E il pilone con la faccia da bambino ma seria come quella di un patriarca ci stringe la mano per scomparire nello spogliatoio, seguito come un’ombra dall’inseparabile Mirkovic, amico e interprete.

Il primo Tudor gioca in una Juventus partita bene e poi naufragata in campionato, anche se, a dicembre, si trovava in testa alla classifica. Infortuni importanti, come quello di Del Piero, decimano la squadra e il ragazzone croato ha tante occasioni di mettersi in mostra. L’esordio avviene a Perugia, il 13 settembre 1998, prima giornata di campionato. È una partita, piena di emozioni per cuori forti, un match d’altri tempi. La Juventus che schiera al centro della difesa il giovane gigante prende subito il largo e proprio Tudor firma uno dei 4 goal del successo. Igor, incute timore agli avversari, per la notevole stazza atletica ed è un rude stopper di antica memoria.

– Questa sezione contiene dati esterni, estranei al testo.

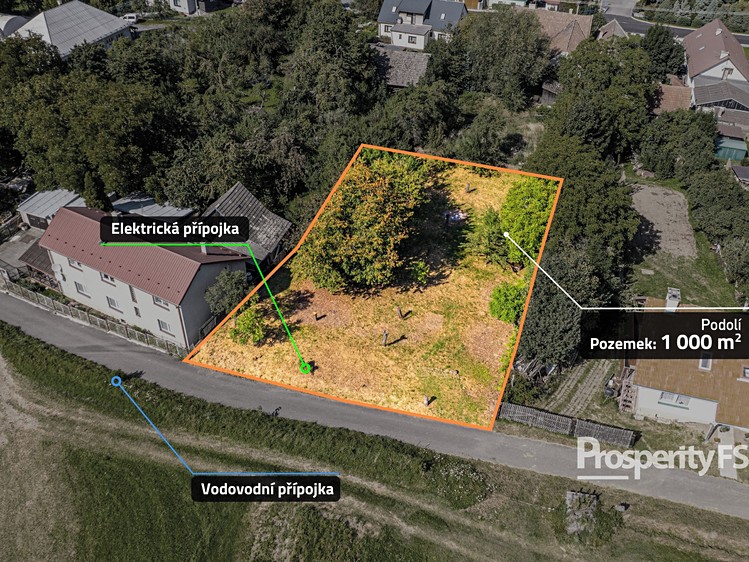 Prodej stavebního pozemku 1 000 m² - foto 1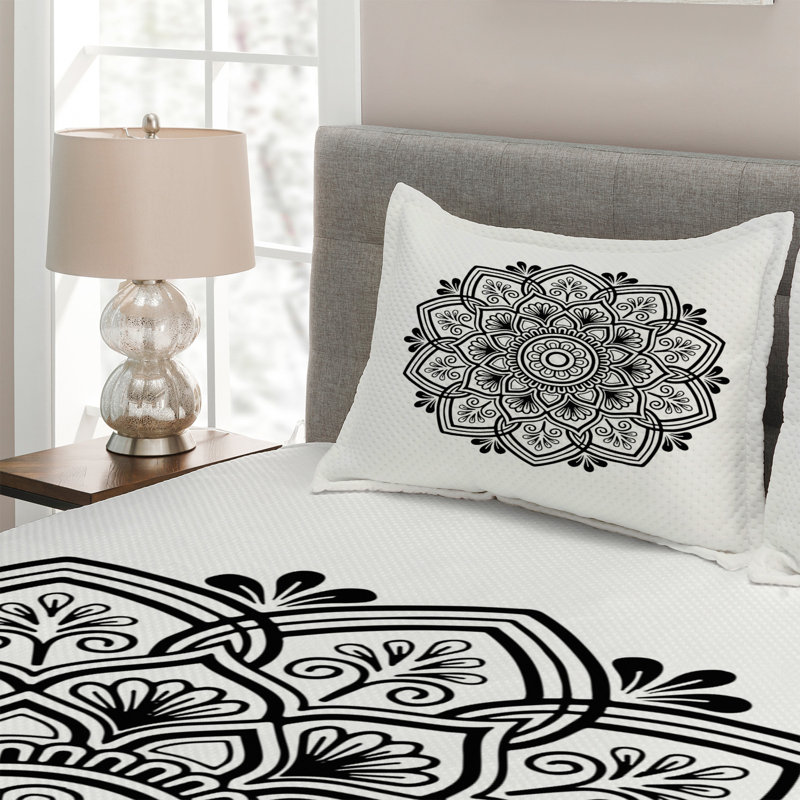 Puppy Eclectic Polyester Damask Coverlet, King Bedspread + 2 Shams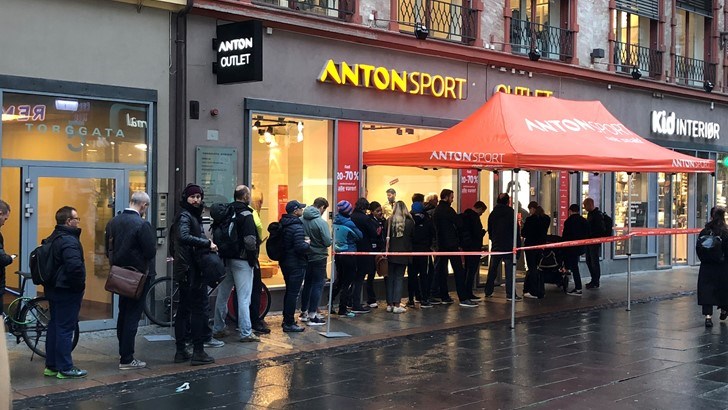 Folk trosset vær og vind for å sikre seg noen av godbitene på åpningsdagen til den nye Anton Sport Outleten i Oslo sentrum.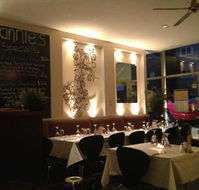 Annies - Hotel Accommodation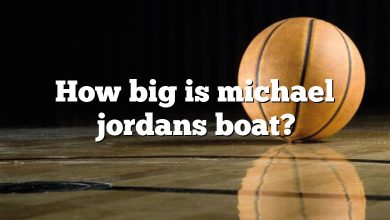 How big is michael jordans boat?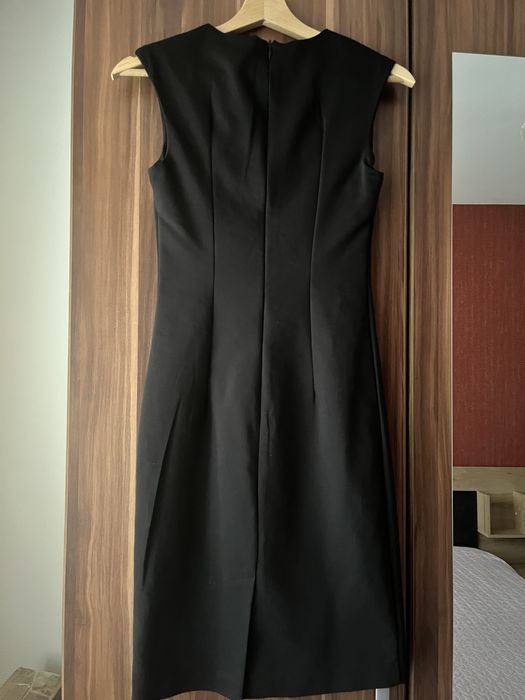 Черна офис рокля Mohito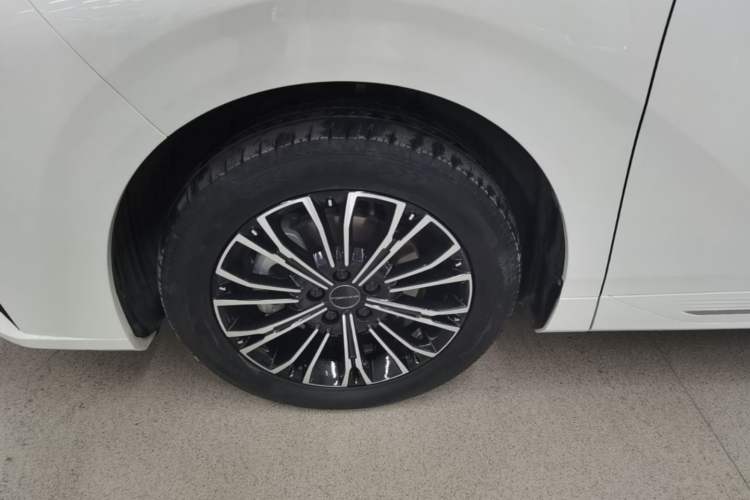 Used FORTHING Xinghai V9 2024 1.5TD 200km Qingyunti Series Premium Version Exterior 4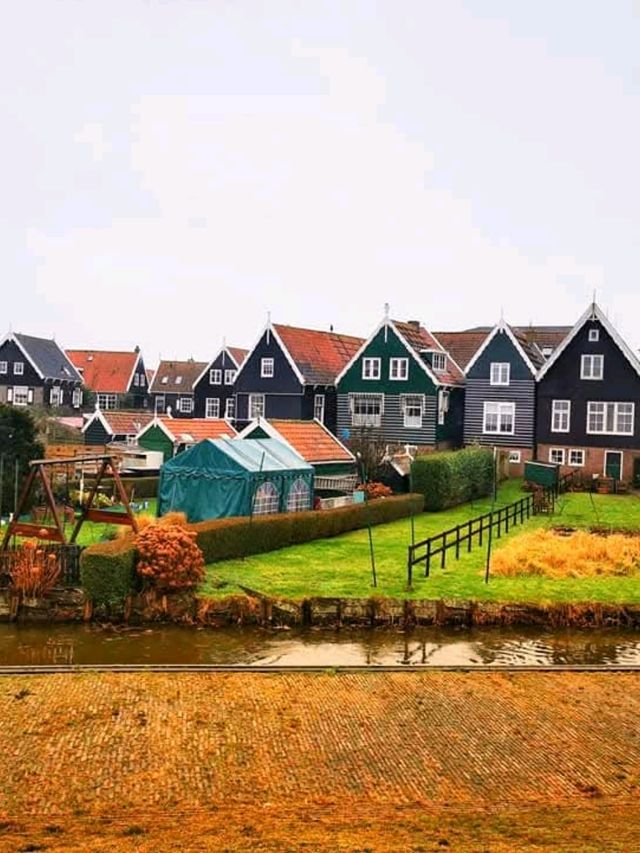 Marken's Timeless Charm: A Sustainable Stroll and Cheese Delight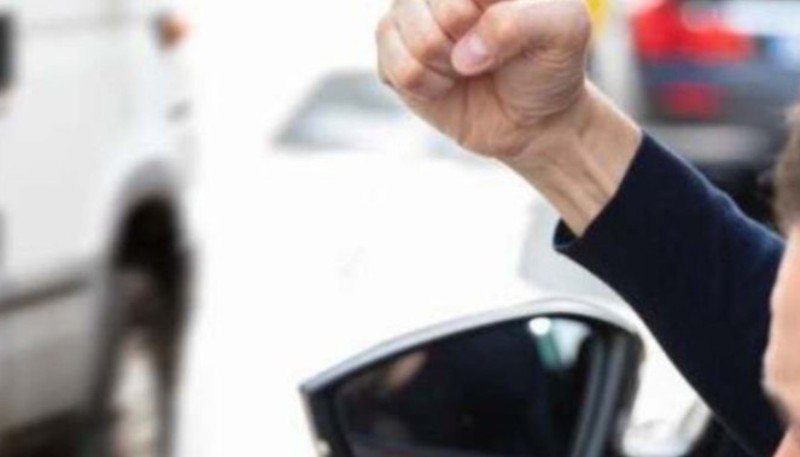 Patru persoane au fost reținute pentru că s-au agresat reciproc în urma unei șicanări în trafic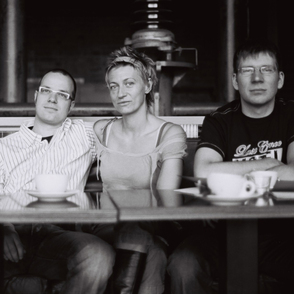 Gruppenbild in einem Café mit Kaffeetassen auf dem Tisch in SW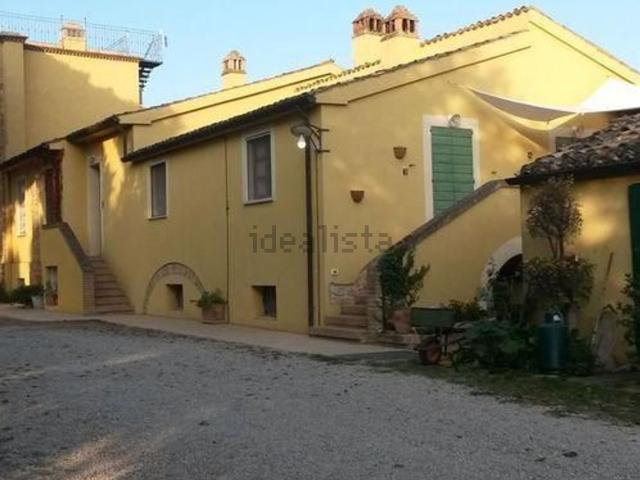 Locale Commerciale in vendita a Loreto Aprutino, Abruzzo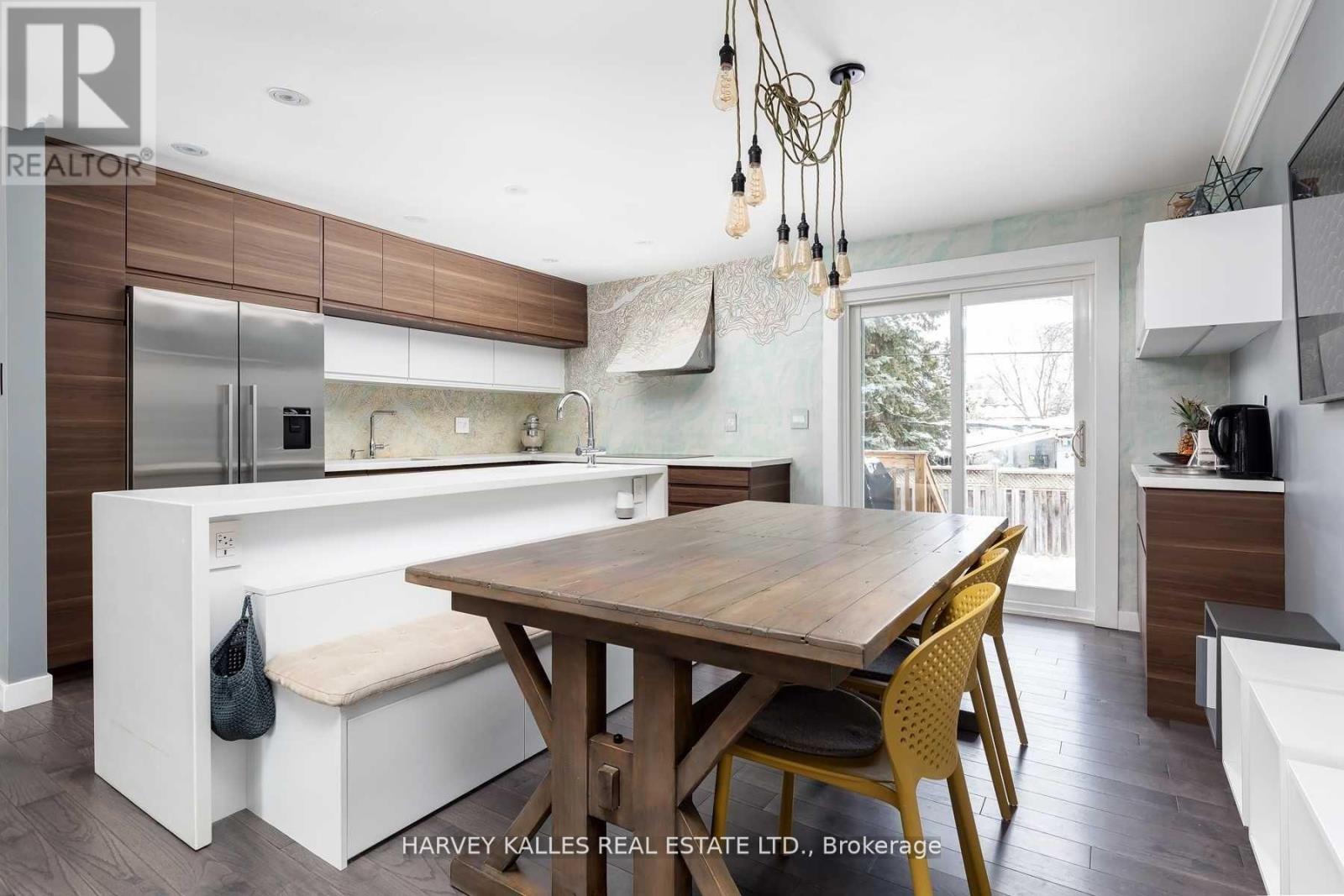 Left - 7 Rainham Place, Toronto, Ontario M3B 1A1 - Photo 6 - C12961486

La consacrazione arriva il 13 dicembre, a Firenze, quando deve incrociare i bulloni con Batistuta, capocannoniere della squadra viola; Igor conferma tutto il buono che si dice di lui, ma anche qualche lacuna ancora da colmare, causa la giovane età e la mancanza di esperienza. Con 23 presenze in campionato si dimostra un giocatore prezioso, infatti, la successiva Juventus ancelottiana se lo tiene stretto e il croato è impiegato sempre più spesso.
Nel 2000-01 è presente 25 volte e realizza 6 reti, molte di testa, la sua specialità. La Juventus ritrova Lippi l’anno successivo e, l’allenatore toscano, lo utilizza come un jolly, difensore di fascia destra o centrocampista aggiunto quando occorre, riuscendo ad affinare le sue qualità tecniche e a registrare le sue potenzialità, anche come goleador.
Nonostante un infortunio che lo tiene fermo per diversi mesi, nell’anno dello scudetto 2002, colleziona 16 presenze e 4 segnature: certi gol lasciano il segno per importanza e autorevolezza, come quello che completa la rimonta al Chievo, in un’infuocata sfida al Delle Alpi che vedeva i clivensi avanti di due reti. È ancora utile nel bis dell’anno successivo, prima di traslocare in prestito al Siena e contribuire, da par suo, alla salvezza dei toscani.
Nell’estate del 2006, dopo aver disputato il Mondiale con la Nazionale croata, ritorna alla Juventus. Purtroppo, a causa dei continui problemi fisici, non riesce mai a scendere in campo. A fine stagione, Igor ritorna a casa, ingaggiato dall’Hajduk Spalato.
Il Tudor che resterà a lungo nella mente e nel cuore dei fan è quello che, all’ultimo minuto, condanna il Deportivo La Coruña, nella Coppa dei Campioni edizione 2003, segnando il gol che vale la qualificazione ai quarti, con uno splendido tiro al volo, dopo un assist di Trézéguet.
I numeri: 173 presenze e 21 reti, due scudetti e un Intertoto.